Answer with only the number of lines below where "quartos" appears.

(Dataset records)
* * * * * * *

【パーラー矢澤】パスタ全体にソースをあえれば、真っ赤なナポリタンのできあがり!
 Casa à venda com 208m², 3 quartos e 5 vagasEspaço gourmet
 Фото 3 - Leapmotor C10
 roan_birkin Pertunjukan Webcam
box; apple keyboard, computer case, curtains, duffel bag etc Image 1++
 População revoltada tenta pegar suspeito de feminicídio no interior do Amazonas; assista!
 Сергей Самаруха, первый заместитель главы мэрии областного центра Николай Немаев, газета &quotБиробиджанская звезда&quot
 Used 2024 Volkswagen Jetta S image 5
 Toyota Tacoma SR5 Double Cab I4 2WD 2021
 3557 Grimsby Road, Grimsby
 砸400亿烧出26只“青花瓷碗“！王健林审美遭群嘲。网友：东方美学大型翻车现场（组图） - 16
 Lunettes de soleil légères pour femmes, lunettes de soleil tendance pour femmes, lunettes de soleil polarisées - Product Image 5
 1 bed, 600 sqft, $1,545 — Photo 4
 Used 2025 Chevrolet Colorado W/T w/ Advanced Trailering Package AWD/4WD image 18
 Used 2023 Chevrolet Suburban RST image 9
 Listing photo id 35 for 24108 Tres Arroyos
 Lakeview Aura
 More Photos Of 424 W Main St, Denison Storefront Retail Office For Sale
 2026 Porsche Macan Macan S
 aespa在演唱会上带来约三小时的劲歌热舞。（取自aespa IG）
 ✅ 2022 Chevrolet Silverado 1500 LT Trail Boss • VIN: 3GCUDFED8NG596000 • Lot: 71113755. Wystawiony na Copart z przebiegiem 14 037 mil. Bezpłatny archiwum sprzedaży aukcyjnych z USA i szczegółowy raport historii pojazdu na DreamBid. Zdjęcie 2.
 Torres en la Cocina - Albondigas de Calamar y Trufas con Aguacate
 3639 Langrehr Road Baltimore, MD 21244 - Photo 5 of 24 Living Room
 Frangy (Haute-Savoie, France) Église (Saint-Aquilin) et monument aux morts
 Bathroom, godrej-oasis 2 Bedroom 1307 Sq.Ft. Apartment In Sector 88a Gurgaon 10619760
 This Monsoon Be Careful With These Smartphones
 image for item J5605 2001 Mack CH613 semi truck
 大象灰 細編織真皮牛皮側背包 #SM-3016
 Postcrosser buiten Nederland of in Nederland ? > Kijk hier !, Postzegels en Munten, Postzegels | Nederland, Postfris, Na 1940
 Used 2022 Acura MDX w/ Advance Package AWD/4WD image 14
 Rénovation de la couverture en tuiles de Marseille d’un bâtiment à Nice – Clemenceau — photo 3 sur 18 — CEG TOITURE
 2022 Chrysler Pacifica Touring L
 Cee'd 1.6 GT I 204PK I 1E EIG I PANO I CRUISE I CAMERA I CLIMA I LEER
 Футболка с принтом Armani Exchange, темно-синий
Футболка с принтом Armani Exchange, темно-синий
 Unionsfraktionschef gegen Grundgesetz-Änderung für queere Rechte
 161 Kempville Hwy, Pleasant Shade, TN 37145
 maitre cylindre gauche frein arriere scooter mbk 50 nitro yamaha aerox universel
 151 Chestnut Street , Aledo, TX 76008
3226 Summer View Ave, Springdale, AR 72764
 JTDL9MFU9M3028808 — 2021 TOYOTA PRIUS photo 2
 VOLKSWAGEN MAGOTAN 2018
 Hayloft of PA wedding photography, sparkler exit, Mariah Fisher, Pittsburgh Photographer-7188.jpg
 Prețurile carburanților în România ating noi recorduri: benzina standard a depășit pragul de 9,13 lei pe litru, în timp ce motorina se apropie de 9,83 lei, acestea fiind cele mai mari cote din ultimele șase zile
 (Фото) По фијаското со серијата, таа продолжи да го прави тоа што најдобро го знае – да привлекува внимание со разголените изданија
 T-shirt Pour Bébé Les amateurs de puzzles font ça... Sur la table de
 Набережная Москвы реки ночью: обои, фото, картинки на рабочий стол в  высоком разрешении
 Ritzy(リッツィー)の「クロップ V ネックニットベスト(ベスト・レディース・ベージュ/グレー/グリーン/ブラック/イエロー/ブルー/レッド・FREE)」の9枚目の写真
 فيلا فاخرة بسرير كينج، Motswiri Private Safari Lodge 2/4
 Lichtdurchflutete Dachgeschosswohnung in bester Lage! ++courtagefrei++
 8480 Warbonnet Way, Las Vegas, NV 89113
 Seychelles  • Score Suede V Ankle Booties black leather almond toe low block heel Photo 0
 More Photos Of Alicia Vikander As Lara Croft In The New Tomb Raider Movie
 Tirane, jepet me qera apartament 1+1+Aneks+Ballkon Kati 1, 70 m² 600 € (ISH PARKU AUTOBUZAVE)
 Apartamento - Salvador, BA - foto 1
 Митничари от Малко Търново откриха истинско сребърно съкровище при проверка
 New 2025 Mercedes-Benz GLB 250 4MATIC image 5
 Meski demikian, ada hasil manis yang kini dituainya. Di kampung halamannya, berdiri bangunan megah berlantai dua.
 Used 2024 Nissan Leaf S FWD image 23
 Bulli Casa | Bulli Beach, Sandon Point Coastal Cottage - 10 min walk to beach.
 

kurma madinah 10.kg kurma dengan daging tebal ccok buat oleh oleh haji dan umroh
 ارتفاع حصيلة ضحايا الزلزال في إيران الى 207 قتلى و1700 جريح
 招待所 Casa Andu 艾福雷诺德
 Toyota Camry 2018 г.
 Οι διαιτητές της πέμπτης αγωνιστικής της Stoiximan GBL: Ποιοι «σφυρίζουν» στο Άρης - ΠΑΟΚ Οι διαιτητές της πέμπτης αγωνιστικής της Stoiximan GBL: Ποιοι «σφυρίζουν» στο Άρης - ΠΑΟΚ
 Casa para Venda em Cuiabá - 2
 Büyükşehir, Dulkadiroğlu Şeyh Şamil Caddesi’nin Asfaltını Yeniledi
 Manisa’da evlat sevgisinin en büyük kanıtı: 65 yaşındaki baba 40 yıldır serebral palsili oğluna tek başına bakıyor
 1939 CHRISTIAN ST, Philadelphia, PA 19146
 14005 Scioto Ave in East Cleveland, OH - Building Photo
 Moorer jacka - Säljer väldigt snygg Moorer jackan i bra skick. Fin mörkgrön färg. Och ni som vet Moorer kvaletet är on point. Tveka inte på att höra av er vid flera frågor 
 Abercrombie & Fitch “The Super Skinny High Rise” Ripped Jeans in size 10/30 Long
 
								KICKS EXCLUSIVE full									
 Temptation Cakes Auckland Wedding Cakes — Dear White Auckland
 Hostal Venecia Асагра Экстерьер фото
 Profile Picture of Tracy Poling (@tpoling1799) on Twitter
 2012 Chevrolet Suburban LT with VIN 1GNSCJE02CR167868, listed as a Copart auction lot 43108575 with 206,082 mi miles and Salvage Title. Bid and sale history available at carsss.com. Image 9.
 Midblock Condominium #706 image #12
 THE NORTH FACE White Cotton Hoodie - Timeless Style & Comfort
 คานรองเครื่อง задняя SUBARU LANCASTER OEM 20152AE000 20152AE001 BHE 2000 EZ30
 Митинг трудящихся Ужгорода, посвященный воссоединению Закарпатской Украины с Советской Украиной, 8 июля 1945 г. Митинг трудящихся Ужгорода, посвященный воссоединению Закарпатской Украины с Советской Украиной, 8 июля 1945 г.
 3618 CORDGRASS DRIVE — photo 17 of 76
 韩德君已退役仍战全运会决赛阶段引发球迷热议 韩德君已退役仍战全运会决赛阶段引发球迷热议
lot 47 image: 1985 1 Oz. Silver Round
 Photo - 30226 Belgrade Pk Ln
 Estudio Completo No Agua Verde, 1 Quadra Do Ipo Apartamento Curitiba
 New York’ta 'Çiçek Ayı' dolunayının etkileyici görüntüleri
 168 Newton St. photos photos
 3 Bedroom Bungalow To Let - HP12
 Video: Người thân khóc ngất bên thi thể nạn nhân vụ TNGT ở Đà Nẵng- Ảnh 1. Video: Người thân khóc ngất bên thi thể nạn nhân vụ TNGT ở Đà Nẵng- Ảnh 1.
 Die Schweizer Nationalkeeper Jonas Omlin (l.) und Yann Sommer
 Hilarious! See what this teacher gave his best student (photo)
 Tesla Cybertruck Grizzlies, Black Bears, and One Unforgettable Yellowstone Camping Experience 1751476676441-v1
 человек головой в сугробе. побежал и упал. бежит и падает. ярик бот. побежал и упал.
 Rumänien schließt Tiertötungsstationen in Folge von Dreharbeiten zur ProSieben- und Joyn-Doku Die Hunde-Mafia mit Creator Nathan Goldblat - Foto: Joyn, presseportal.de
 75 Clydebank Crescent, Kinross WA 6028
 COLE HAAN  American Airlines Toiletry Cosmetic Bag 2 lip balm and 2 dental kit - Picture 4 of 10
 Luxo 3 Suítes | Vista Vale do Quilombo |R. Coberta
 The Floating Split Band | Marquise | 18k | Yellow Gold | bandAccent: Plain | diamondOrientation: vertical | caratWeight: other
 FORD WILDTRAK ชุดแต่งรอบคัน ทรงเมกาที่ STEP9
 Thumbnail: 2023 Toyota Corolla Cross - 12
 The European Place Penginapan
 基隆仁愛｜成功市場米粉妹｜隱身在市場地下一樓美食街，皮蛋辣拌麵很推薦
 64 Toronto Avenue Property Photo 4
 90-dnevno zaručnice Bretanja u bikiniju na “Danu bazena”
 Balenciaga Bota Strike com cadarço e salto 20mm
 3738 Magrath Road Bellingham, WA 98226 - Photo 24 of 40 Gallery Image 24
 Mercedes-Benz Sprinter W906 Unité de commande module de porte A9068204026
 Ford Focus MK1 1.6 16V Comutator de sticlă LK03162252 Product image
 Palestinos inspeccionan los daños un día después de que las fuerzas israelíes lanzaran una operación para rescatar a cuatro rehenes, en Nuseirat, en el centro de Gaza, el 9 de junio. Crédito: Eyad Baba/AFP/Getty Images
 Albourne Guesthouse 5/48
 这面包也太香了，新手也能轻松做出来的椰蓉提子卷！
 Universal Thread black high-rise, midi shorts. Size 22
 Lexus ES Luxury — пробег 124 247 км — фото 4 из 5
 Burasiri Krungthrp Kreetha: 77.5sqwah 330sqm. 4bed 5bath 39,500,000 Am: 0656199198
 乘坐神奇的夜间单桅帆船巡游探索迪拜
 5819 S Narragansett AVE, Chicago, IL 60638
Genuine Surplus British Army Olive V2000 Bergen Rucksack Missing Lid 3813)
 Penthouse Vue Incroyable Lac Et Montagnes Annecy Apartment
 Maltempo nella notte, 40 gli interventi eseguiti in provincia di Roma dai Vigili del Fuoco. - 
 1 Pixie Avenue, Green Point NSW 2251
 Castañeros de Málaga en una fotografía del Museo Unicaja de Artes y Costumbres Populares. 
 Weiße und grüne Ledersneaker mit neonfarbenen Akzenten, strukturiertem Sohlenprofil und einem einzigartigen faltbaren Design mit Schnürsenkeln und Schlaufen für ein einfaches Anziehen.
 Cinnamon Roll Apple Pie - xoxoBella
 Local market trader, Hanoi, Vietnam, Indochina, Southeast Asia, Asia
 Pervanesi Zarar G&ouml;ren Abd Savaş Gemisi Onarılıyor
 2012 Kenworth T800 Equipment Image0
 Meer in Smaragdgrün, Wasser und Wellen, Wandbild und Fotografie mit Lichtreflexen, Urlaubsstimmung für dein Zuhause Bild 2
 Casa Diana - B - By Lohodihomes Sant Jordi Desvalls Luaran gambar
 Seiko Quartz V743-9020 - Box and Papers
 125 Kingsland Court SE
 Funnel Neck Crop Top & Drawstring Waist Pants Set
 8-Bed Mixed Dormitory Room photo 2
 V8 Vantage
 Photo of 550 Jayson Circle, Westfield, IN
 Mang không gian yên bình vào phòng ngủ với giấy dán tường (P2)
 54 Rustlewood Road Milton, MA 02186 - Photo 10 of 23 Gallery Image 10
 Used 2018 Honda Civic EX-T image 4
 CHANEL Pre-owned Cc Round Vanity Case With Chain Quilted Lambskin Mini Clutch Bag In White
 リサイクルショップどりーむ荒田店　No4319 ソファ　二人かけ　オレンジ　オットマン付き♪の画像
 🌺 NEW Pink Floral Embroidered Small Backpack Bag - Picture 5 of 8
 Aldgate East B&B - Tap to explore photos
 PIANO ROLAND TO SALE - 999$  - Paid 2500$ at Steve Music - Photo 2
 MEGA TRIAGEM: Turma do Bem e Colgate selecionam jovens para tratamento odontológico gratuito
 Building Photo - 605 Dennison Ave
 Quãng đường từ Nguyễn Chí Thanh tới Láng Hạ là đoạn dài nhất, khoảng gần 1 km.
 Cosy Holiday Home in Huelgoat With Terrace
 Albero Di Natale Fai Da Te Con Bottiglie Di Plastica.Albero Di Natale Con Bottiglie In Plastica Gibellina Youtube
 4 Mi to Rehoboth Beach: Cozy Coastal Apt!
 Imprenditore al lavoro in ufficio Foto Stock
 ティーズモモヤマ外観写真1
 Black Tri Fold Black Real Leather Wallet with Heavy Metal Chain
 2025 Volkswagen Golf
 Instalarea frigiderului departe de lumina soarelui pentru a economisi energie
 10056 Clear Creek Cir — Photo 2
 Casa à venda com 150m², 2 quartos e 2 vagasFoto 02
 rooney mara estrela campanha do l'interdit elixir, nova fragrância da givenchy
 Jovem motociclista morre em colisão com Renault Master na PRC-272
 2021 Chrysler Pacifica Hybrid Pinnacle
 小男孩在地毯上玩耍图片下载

* * * * * * *

■ **Exercise result**
2